### [What is required]
Each entry must appear again exactly as it does in the source.
•••
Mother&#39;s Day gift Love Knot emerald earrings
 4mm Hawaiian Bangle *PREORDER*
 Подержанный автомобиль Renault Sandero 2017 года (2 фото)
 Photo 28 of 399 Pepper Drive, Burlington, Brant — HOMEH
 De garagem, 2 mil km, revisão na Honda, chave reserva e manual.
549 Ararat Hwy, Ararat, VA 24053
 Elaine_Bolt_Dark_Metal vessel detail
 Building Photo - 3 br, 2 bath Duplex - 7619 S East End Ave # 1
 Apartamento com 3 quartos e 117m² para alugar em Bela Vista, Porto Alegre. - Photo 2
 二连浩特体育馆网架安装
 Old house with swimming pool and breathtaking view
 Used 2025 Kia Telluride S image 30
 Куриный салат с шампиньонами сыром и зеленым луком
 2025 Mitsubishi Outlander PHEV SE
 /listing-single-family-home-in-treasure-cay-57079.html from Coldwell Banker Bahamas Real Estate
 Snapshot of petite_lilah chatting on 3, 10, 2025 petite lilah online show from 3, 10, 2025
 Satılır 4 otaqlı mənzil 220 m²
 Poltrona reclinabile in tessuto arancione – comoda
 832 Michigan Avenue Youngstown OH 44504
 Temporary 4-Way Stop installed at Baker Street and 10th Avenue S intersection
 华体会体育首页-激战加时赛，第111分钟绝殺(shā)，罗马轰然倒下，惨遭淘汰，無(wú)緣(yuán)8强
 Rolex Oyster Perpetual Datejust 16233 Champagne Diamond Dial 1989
•••
### [Result of the exercise]
Mother&#39;s Day gift Love Knot emerald earrings
 4mm Hawaiian Bangle *PREORDER*
 Подержанный автомобиль Renault Sandero 2017 года (2 фото)
 Photo 28 of 399 Pepper Drive, Burlington, Brant — HOMEH
 De garagem, 2 mil km, revisão na Honda, chave reserva e manual.
549 Ararat Hwy, Ararat, VA 24053
 Elaine_Bolt_Dark_Metal vessel detail
 Building Photo - 3 br, 2 bath Duplex - 7619 S East End Ave # 1
 Apartamento com 3 quartos e 117m² para alugar em Bela Vista, Porto Alegre. - Photo 2
 二连浩特体育馆网架安装
 Old house with swimming pool and breathtaking view
 Used 2025 Kia Telluride S image 30
 Куриный салат с шампиньонами сыром и зеленым луком
 2025 Mitsubishi Outlander PHEV SE
 /listing-single-family-home-in-treasure-cay-57079.html from Coldwell Banker Bahamas Real Estate
 Snapshot of petite_lilah chatting on 3, 10, 2025 petite lilah online show from 3, 10, 2025
 Satılır 4 otaqlı mənzil 220 m²
 Poltrona reclinabile in tessuto arancione – comoda
 832 Michigan Avenue Youngstown OH 44504
 Temporary 4-Way Stop installed at Baker Street and 10th Avenue S intersection
 华体会体育首页-激战加时赛，第111分钟绝殺(shā)，罗马轰然倒下，惨遭淘汰，無(wú)緣(yuán)8强
 Rolex Oyster Perpetual Datejust 16233 Champagne Diamond Dial 1989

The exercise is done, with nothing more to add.